I wish we could hear the shooters story and circumstance more promptly to take some learnings from it.. What was the guy wearing, what happened etc. But then again they are probably going to say what ever keeps them out of jail anyway. 
If the guy was wearing blaze orange I'm going to be selling a brand new blaze orange huntech gillie thats for sure. Are you guys against blaze orange reckoning its worse to wear than a normal camo?

----------


## northdude

> I wish we could hear the shooters story and circumstance more promptly to take some learnings from it.. What was the guy wearing, what happened etc. But then again they are probably going to say what ever keeps them out of jail anyway. 
> If the guy was wearing blaze orange I'm going to be selling a brand new blaze orange huntech gillie thats for sure. Are you guys against blaze orange reckoning its worse to wear than a normal camo?


as long as we have people wandering around not iding their targets properly it doesn't matter what you wear after thinking about it a bit it appears to me that complaicency plays a big part in these situations the attitude that ive been doing this all my life so I know what im doing mindset just my opinion tho

----------


## R93

I ran into a gimp today poaching one of my spots.

He lurched off rather quickly whimpering and squeaking when he heard a stag roaring. 

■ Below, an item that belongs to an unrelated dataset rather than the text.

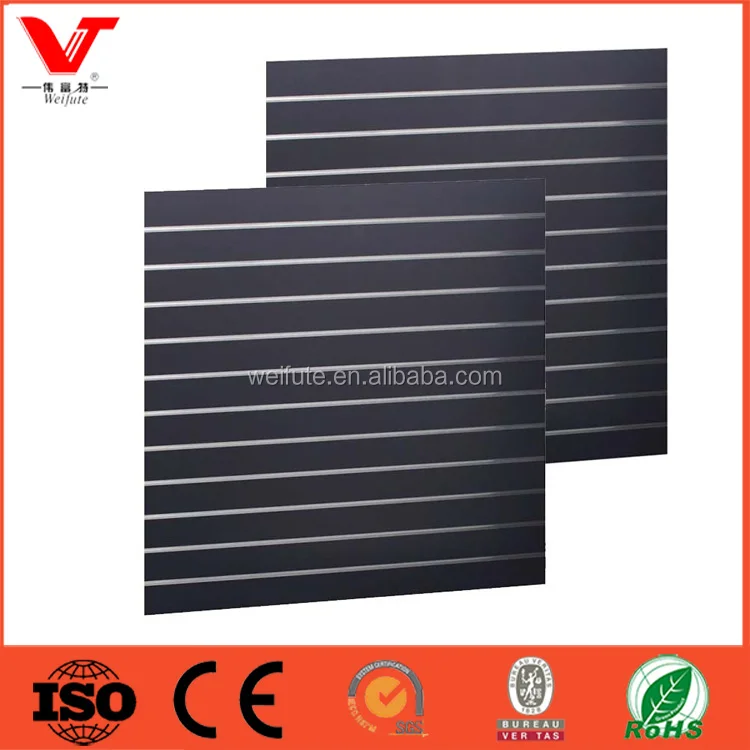 Special Red Color Melamine Slatwall MDF Slotted Board Panel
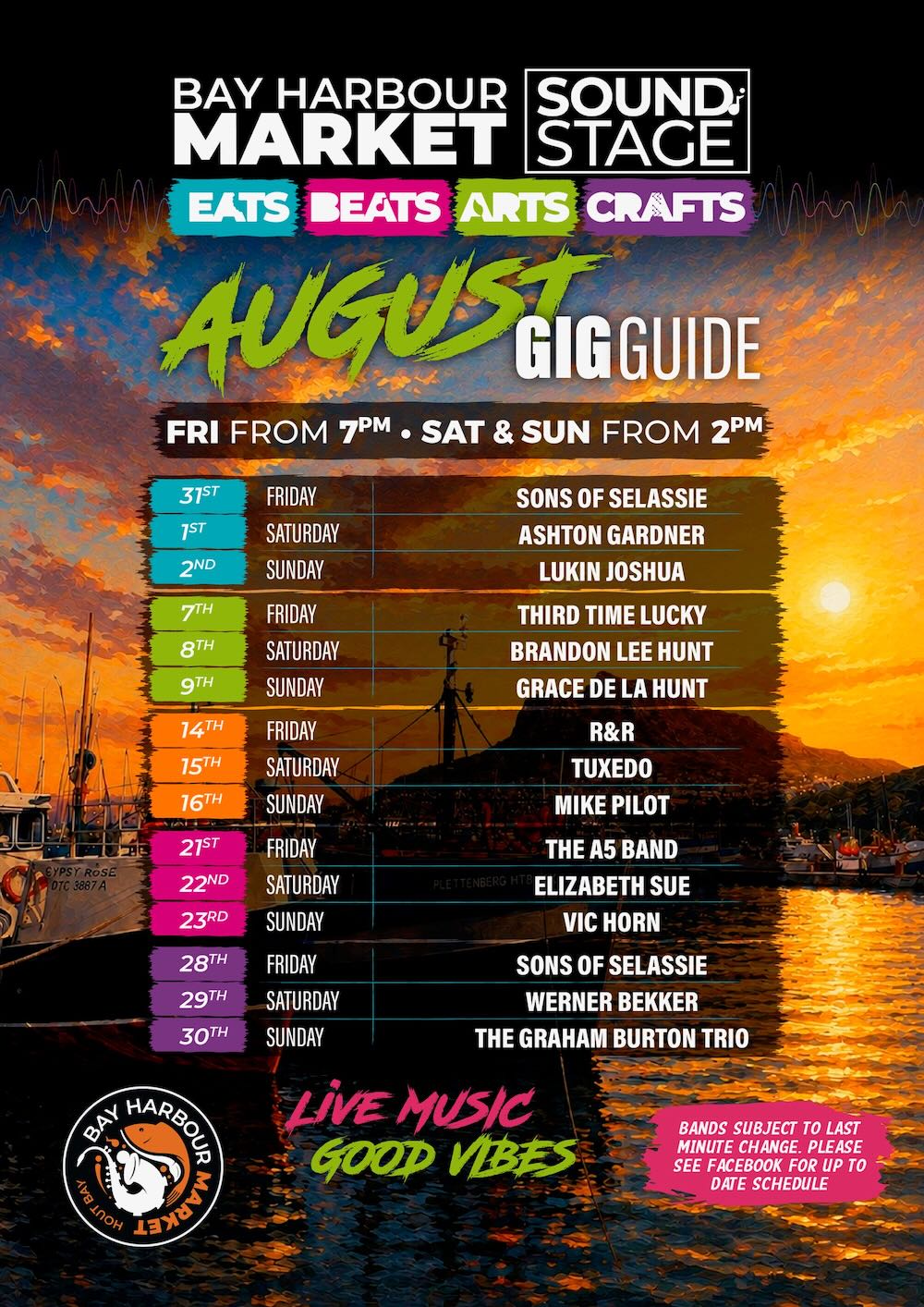 August Gig Guide 2026 1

Sent from my SM-G965F using Tapatalk

----------


## Wildman

> I ran into a gimp today poaching one of my spots.
> 
> He lurched off rather quickly whimpering and squeaking when he heard a stag roaring. 
> 
> 
> Sent from my SM-G965F using Tapatalk


Hope he shoots one, hasn't had the best of luck so far this roar

Sent from my F5321 using Tapatalk

----------


## R93

> Hope he shoots one, hasn't had the best of luck so far this roar
> 
> Sent from my F5321 using Tapatalk


He headed off on one roaring well. He should get a look.
Just hope he leave the couple I have got lined up for my boy alone. 

Sent from my SM-G965F using Tapatalk

----------


## outlander

> almost want to go back to army way all camed up with face paint and ghillie suit then you only look like a bush.


I'd be wary...some bugger may cut a blaze on you to mark a trail.

----------


## Gibo

> don't worry I would wake up before they finished.


Wood you though?  :Psmiley:

----------


## Rusky

Condolences to the family. It sucks and makes me sick to my stomach with the thought of all those affected. Wish there was a way to stop this happening but we've been saying this for 30+ years now so I don't see it changing anytime soon.

----------


## Tahr

> Hope he shoots one, hasn't had the best of luck so far this roar
> 
> Sent from my F5321 using Tapatalk


I think that he's had great luck (from what I've seen). Hunting with friends in paradise. Seeing a mixed bag of animals. Pitting vehicle and self against the elements. Thats what its all about.

----------


## tikka

> Condolences to the family. It sucks and makes me sick to my stomach with the thought of all those affected. Wish there was a way to stop this happening but we've been saying this for 30+ years now so I don't see it changing anytime soon.


There is but it will be at a cost to us in our freedom and with money, a nationwide public land ballot system for the roar.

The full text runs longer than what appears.